Great videos! One idea here...Your cable weight is all the way at the back, which causes the rear motors to spin up faster than the front ones to maintain level flight. This is causing more amp draw to those motors, (watts) and therefore, is less efficient. Moving the weight of the cable to cg should distribute the load equally on all four motors and give you better efficiency as well as more agile flight characteristics imho.
I've contemplated a project like this I think the answer would be to use a high voltage source and tether and drop the voltage and increase the current on the drone only problem is that step down converter would be heavy also if it could be light and efficient the HV tether could be quite light
I think what you meant to say was putting the two 20 gauge wires would essentially be a 10 gauge wire? Running wire in parallel is extremely inefficient... Two 20 gauge wires in parallel is closer to 17 maybe 16.5 gauge
That's very true. It didn't work at all, What I am working on now is to step up the DC into high frequency and voltage AC then back down to DC on the copter end. The other Idea I have is to run 2 ESC's in series and those 2 in parallel so that I could essentially give it 8S power. Higher Voltage = lower current. Let's see.

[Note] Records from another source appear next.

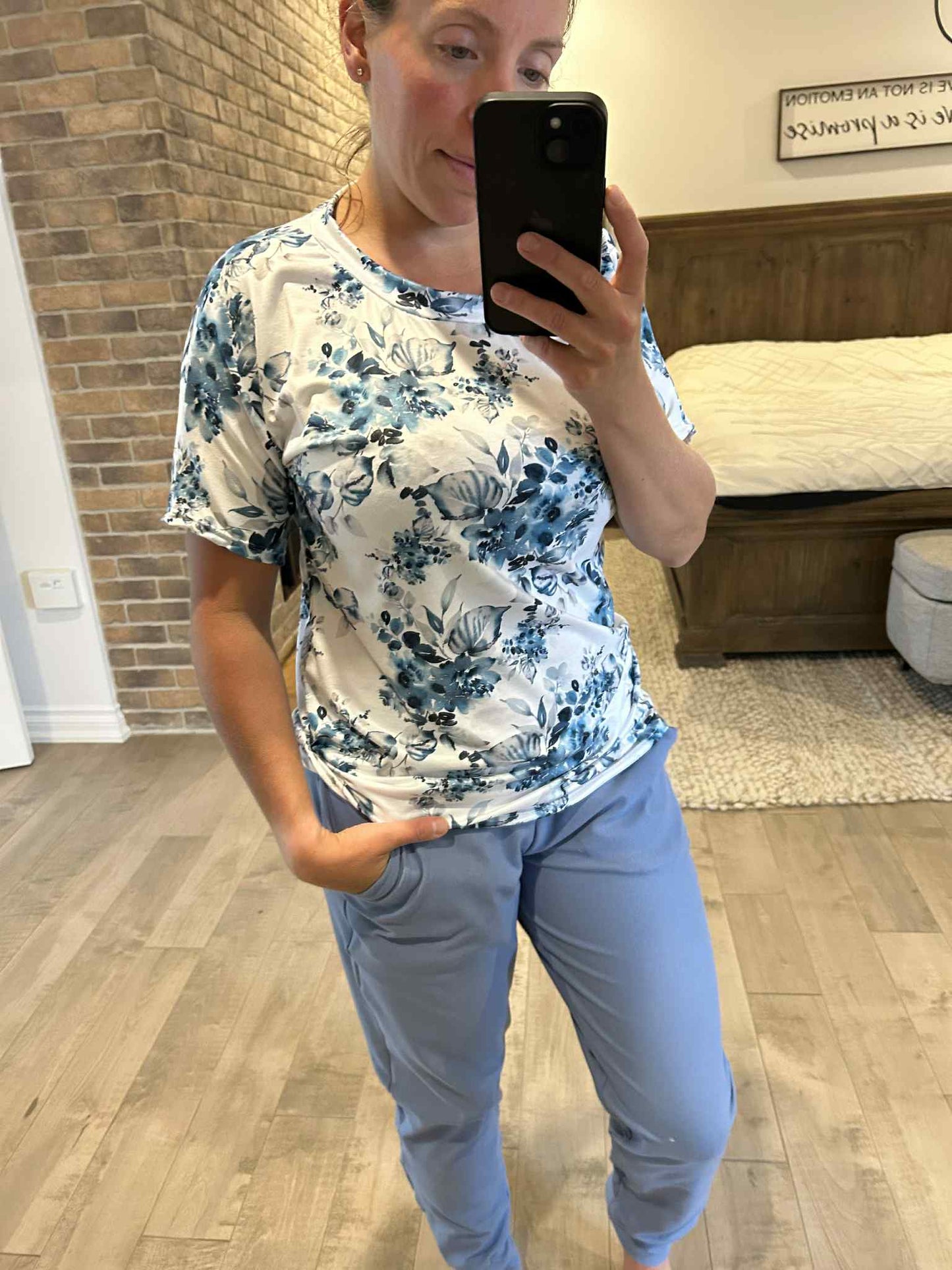 Jogging simili jeans bleu pâle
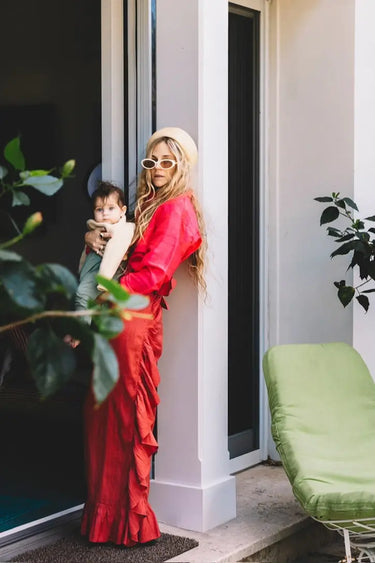 Ruffle Power Pareo™ | Silk Dupioni Coniglio Palm Beach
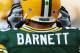 GREEN BAY, WI - AUGUST 28: A green NFL communication sticker is seen on the helmut of Nick Barnett #56 of the Green Bay Packers before a game against the Tenessee Titans on August 28, 2008 at Lambeau Field in Green Bay, Wisconsin. (Photo by Jonathan Daniel/Getty Images)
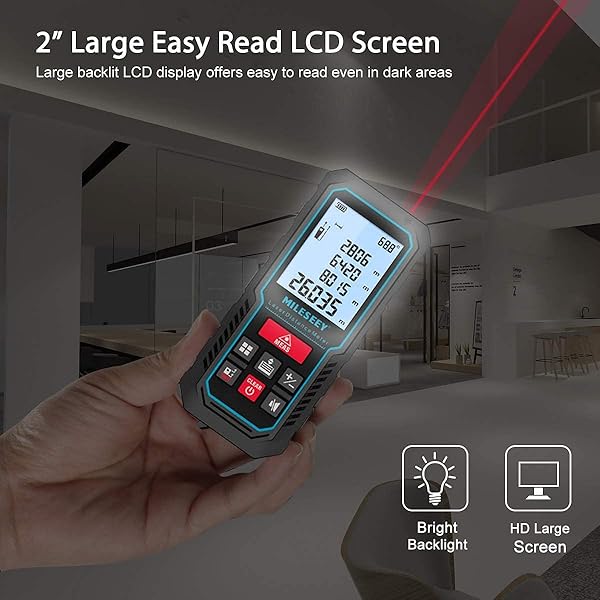 MiLESEEY MiLESEEY 229ft Digital Laser Measure Device with Electronic Angle Sensor and 2mm Accuracy for Area Volume and Pythagoras Measurements - View 9 of 9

So basically, you ended up with a 32 foot piece of wire connected to x? amount of batteries wired in parallel ? Your first part also showed a stack of batteries, but you didn't show how they were connected together for a ground-to-air power supply. A third part video to this project would have be really nice to see.
Hey, Yeah it was a straight power wire up to the drone from a stack of parallel batteries on the ground so that I still had the 16.4V of a single 4S battery.